:: What is needed ::
Your copy of the lines below must match them exactly and contain no images.
:: Information supplied ::
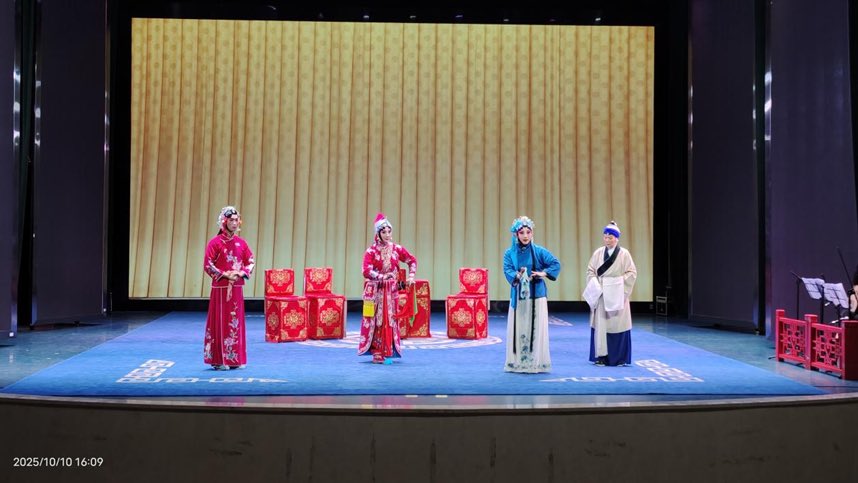 iChongqing_CIMC's tweet photo. The 14th China Art Festival kicks off in Sichuan-Chongqing! Its linked "Light Up Life" Youth Art Week blends youth creation, urban spaces & tech. Its core "New Voice Theater Festival" (Oct-Nov) stages 8 plays in Chongqing. 🎭✨
#14thChinaArtFestival #Chongqing #YouthArt #Art https://t.co/dIKiKma3m3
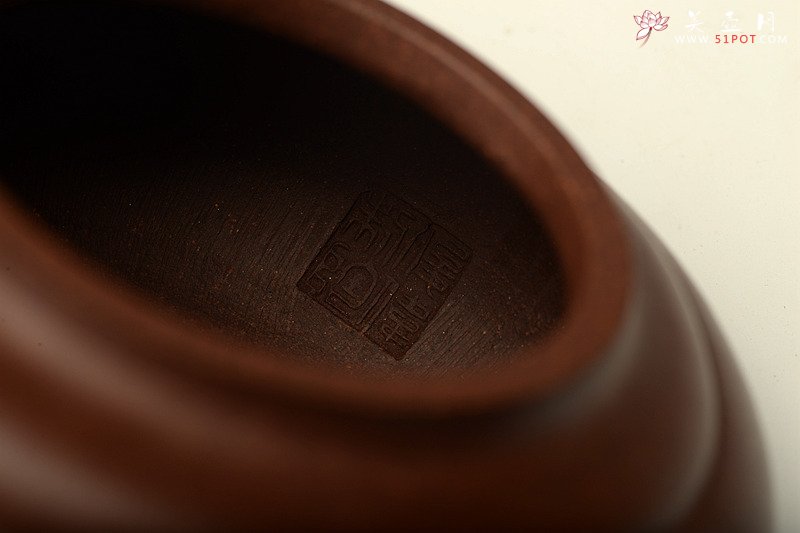 紫砂壶图片：线条优美 饱满精致 全手想泉 传统经典 - 宜兴紫砂壶网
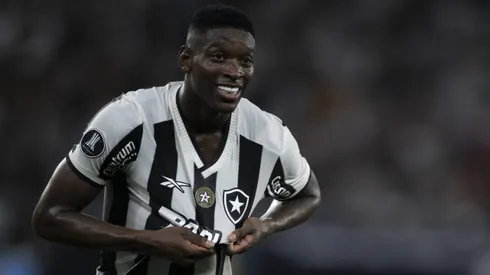 Luiz Henrique, jogador do Botafogo, durante partida contra o Peñarol, pela Copa Libertadores.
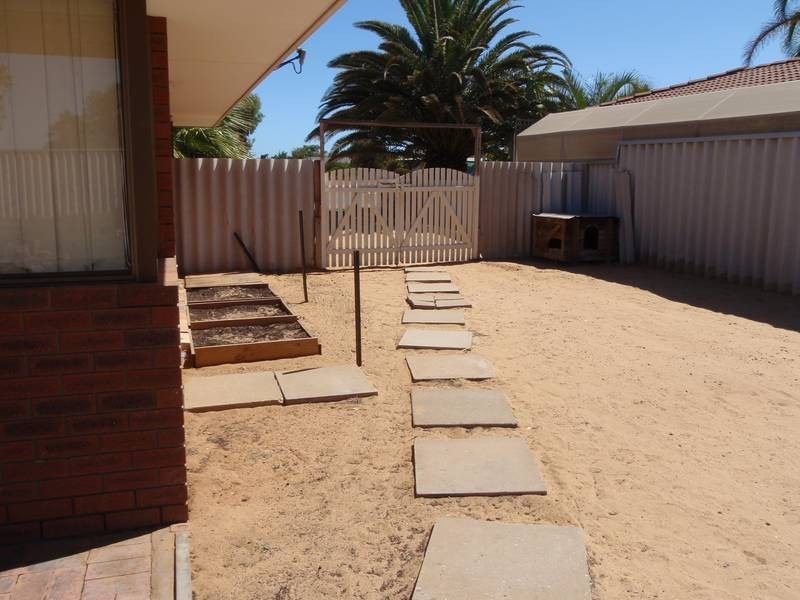 18 Jabiru way, Waggrakine WA 6530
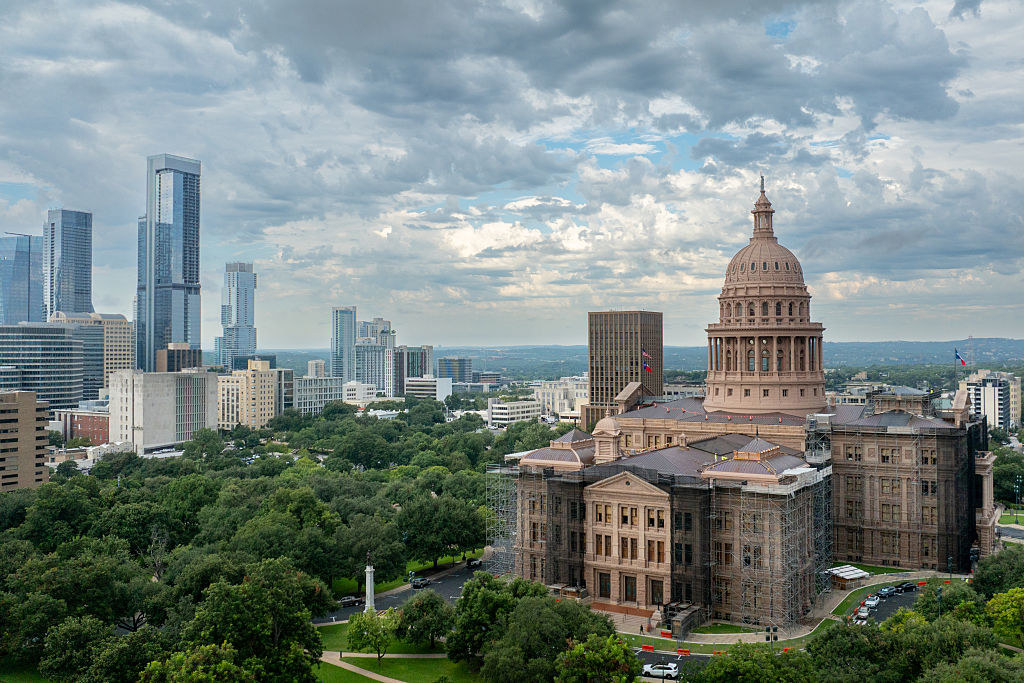 Texas Democratic Lawmakers Flee State In Effort To Halt Redistricting Legislation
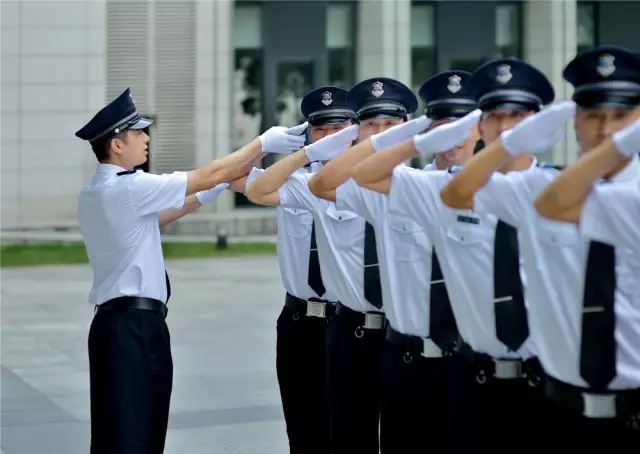 秩序员做了一件事，让她瞬间被温暖包围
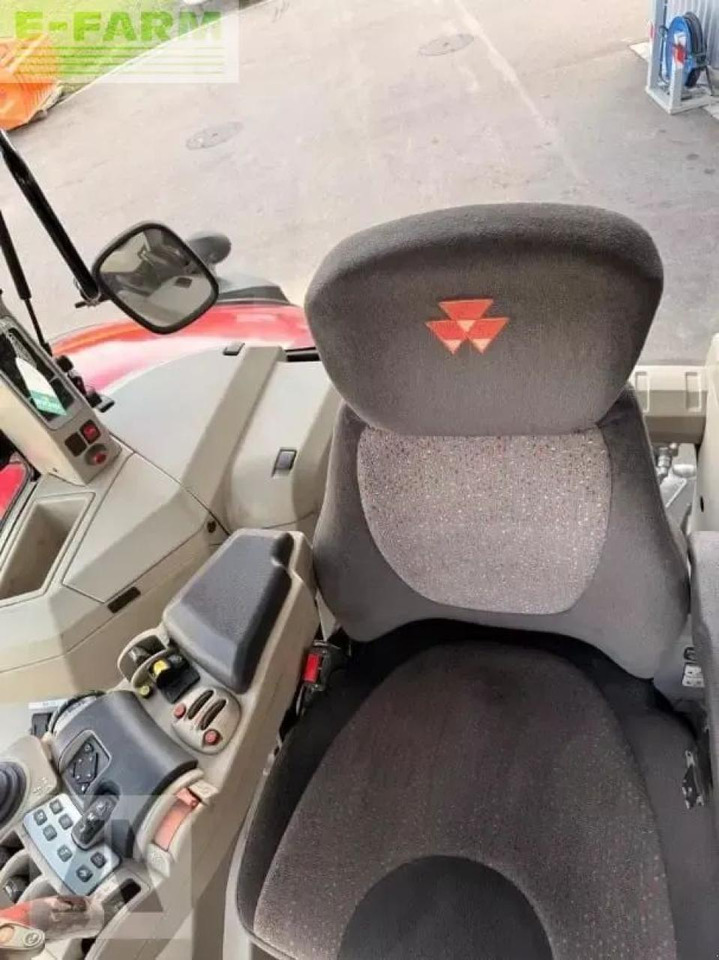 Massey Ferguson 8737 - Traktor: 2 kép. Massey Ferguson 8737 - Traktor: 2 kép.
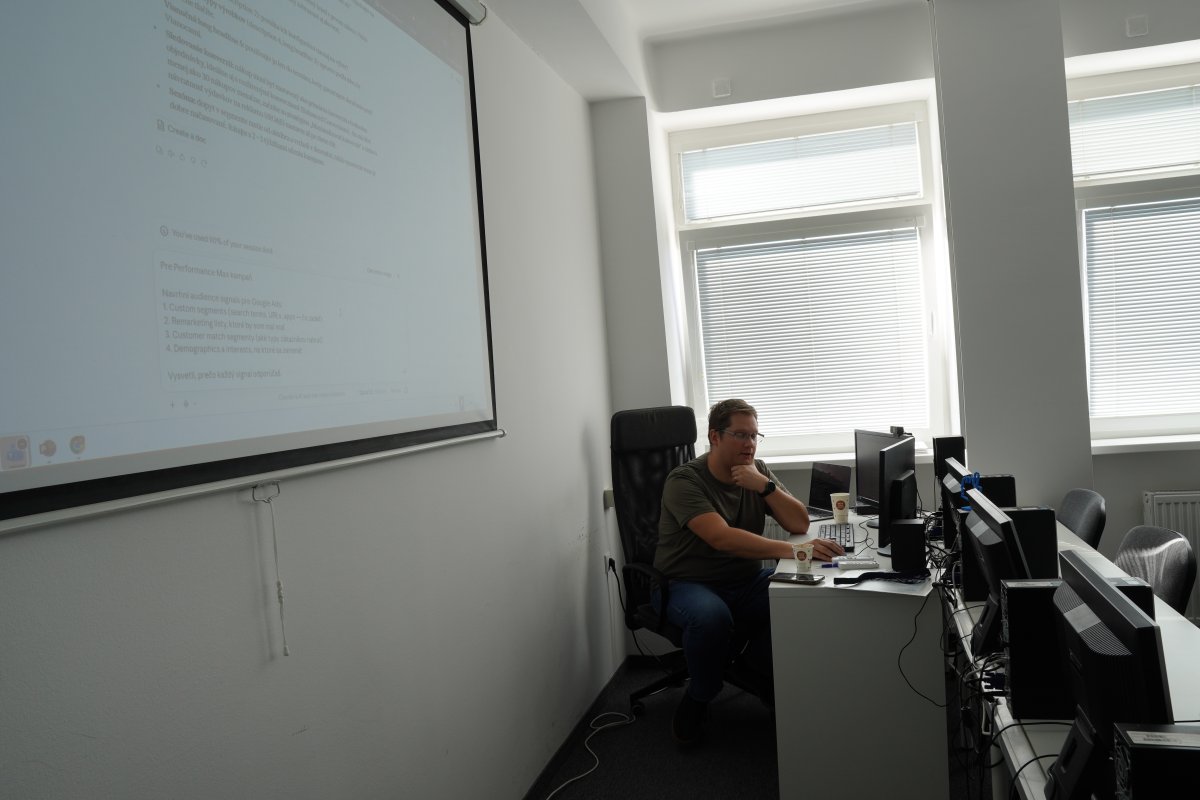 Priebeh kurzu AI v Google Ads - prezentácia stratégií Performance Max a optimalizácie kampání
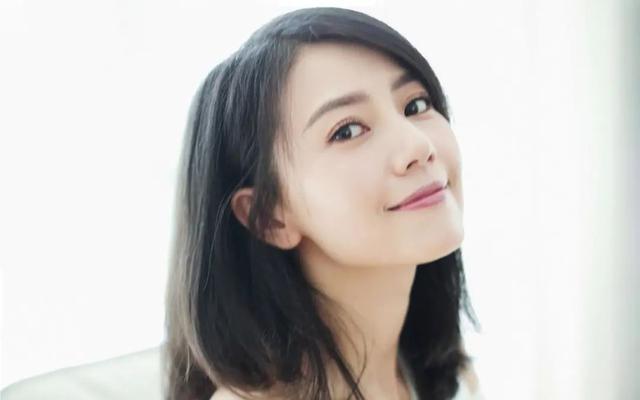 6位身材颜值不对等的女星：看脸风情万种，身材却干瘪成硬伤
:::
:: Output of the exercise ::
 iChongqing_CIMC's tweet photo. The 14th China Art Festival kicks off in Sichuan-Chongqing! Its linked "Light Up Life" Youth Art Week blends youth creation, urban spaces & tech. Its core "New Voice Theater Festival" (Oct-Nov) stages 8 plays in Chongqing. 🎭✨
#14thChinaArtFestival #Chongqing #YouthArt #Art https://t.co/dIKiKma3m3
 紫砂壶图片：线条优美 饱满精致 全手想泉 传统经典 - 宜兴紫砂壶网
 Luiz Henrique, jogador do Botafogo, durante partida contra o Peñarol, pela Copa Libertadores.
 18 Jabiru way, Waggrakine WA 6530
 Texas Democratic Lawmakers Flee State In Effort To Halt Redistricting Legislation
 秩序员做了一件事，让她瞬间被温暖包围
 Massey Ferguson 8737 - Traktor: 2 kép. Massey Ferguson 8737 - Traktor: 2 kép.
 Priebeh kurzu AI v Google Ads - prezentácia stratégií Performance Max a optimalizácie kampání
 6位身材颜值不对等的女星：看脸风情万种，身材却干瘪成硬伤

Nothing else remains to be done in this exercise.